Extraction online learning

Use extraction online learning to improve the results for documents with unsatisfactory recognition results.

Extraction online learning is available only for trainable locators.

Marking a document for extraction online learning enables you to increase the recognition of documents with the same layout during production.

To use this feature, you need geometric information for the document fields. This type of extraction online learning does not require a project to be manually trained and is ideal for projects that process invoices.

This type of learning is designed to optimize field recognition rate during production. This enables faster initial project setup and continuous optimization during production.

It is mainly based on the specific training algorithm of all trainable locators.

When extraction online learning is performed for a document, the following process occurs during production.

  1. A document is scanned into the system, it is stored in the documents database.

  2. The Transformation Server retrieves the document from the database in order to perform extraction. After extraction, the documents and its extraction results are returned to the database.

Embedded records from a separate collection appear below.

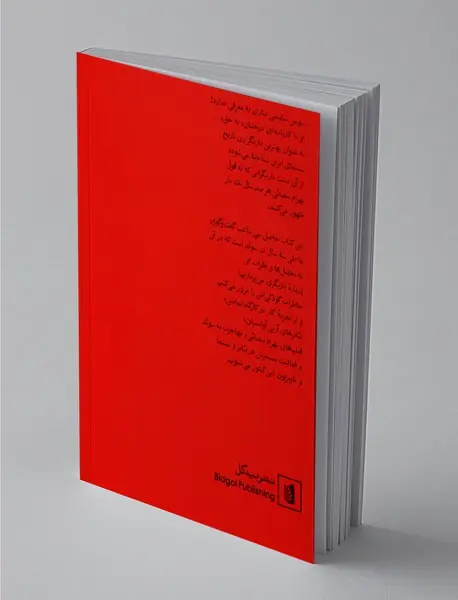 سوسن تسلیمی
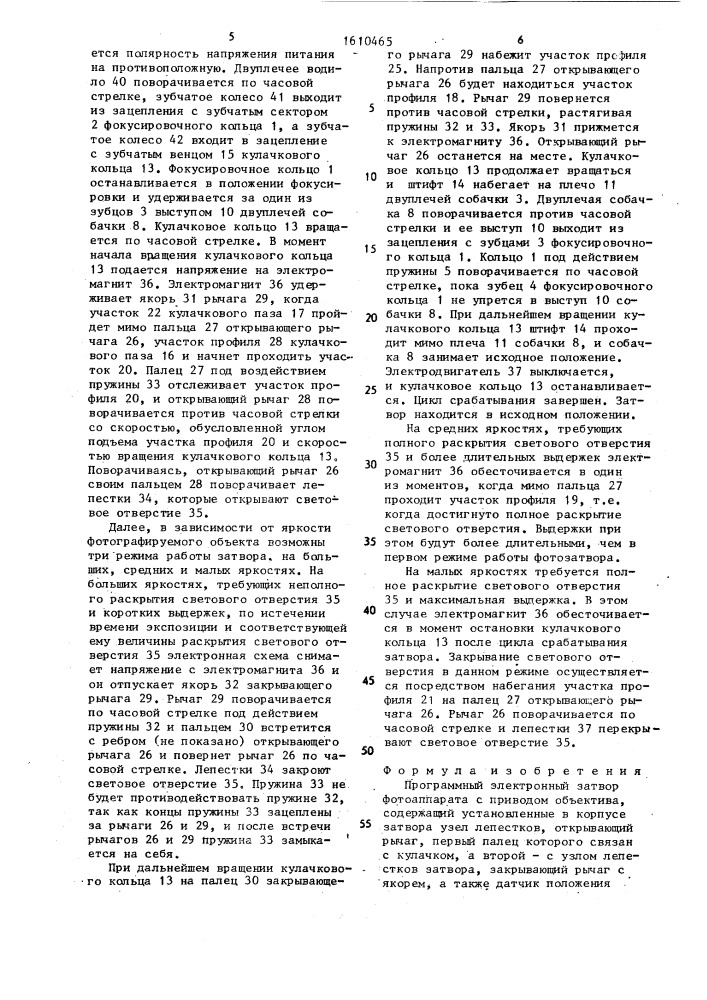 Программный электронный затвор фотоаппарата с приводом объектива (патент 1610465)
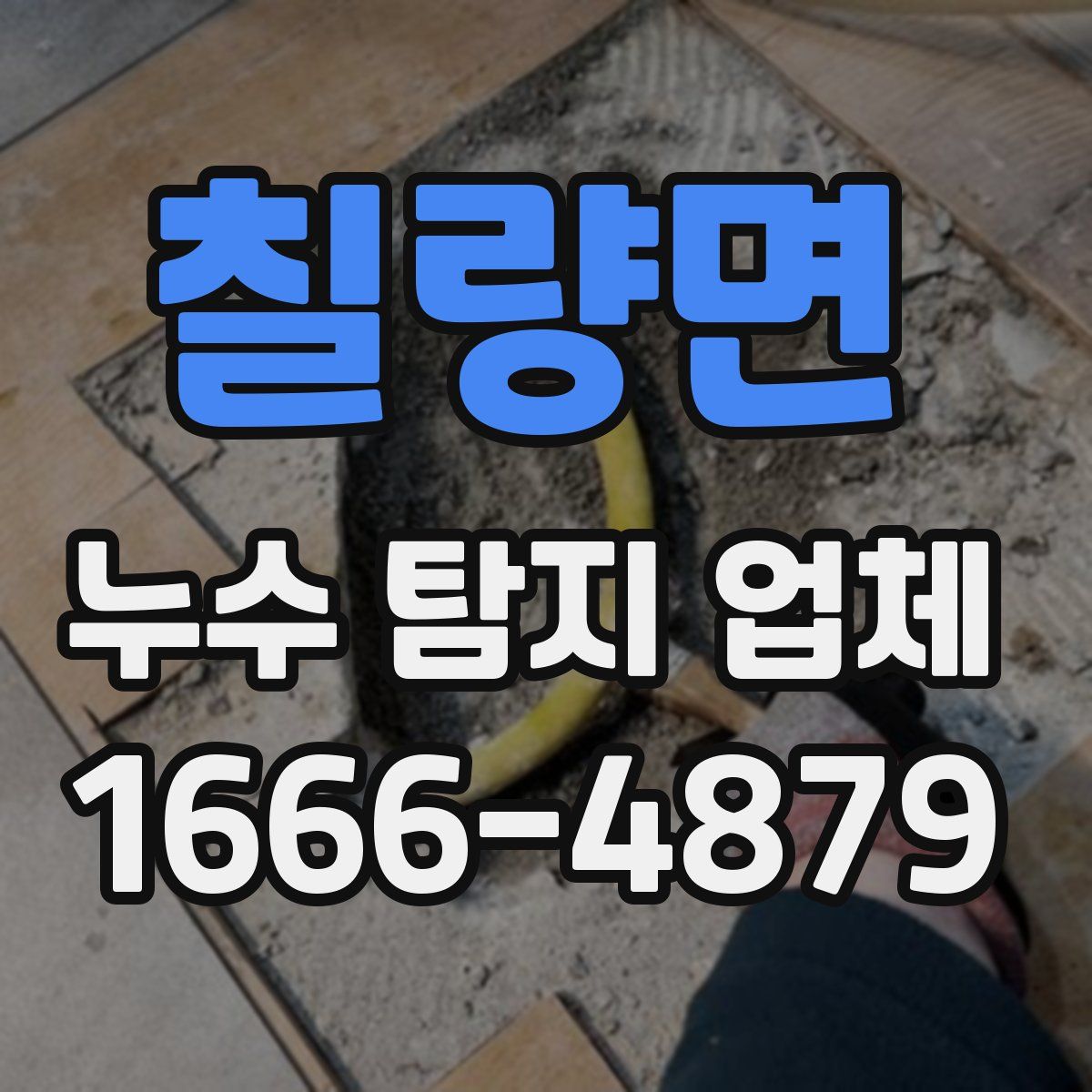 칠량면 누수 탐지 업체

  3. The Validation operator takes the validation activity (Thin Client - Document Services) that opens the updated document from the documents database. If any of the extraction results are unsuccessful, the user provides the correct information.

    When the user completes the activity, the validated document is once again returned to the documents database along with the correct training information. The Thin Client also copies the modified documents to a special holding area in the documents database called the online learning folder.

  4. At scheduled intervals, the Transformation Server takes all of the documents stored in the online learning folder and trains the project dynamically. Any information that the validation operator provided is processed and stored in the Dynamic Knowledge Base.

    These documents are also copied to the New Samples document set, where a project administrator can import them into Transformation Designer to help the project perform better.

  5. The next time that the Transformation Server performs extraction, the information in the Dynamic Knowledge Base is used to aid in extraction.